Lines below starting with the line with "It has a front" and going on through the line with "Hello and welcome" must be output exactly; the rest of the records must be left out.

▸ Extracted records
● ● ● ●

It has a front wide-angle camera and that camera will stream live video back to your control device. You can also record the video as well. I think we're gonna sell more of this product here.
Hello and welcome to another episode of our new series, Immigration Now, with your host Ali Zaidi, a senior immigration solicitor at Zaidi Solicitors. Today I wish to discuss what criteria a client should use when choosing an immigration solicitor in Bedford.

● ● ● ●

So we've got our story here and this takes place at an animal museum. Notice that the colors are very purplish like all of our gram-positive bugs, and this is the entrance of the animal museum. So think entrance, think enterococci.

● ● ● ●

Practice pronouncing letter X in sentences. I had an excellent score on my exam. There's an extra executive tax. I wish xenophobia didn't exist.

● ● ● ●

▸ Task output
It has a front wide-angle camera and that camera will stream live video back to your control device. You can also record the video as well. I think we're gonna sell more of this product here.
Hello and welcome to another episode of our new series, Immigration Now, with your host Ali Zaidi, a senior immigration solicitor at Zaidi Solicitors. Today I wish to discuss what criteria a client should use when choosing an immigration solicitor in Bedford.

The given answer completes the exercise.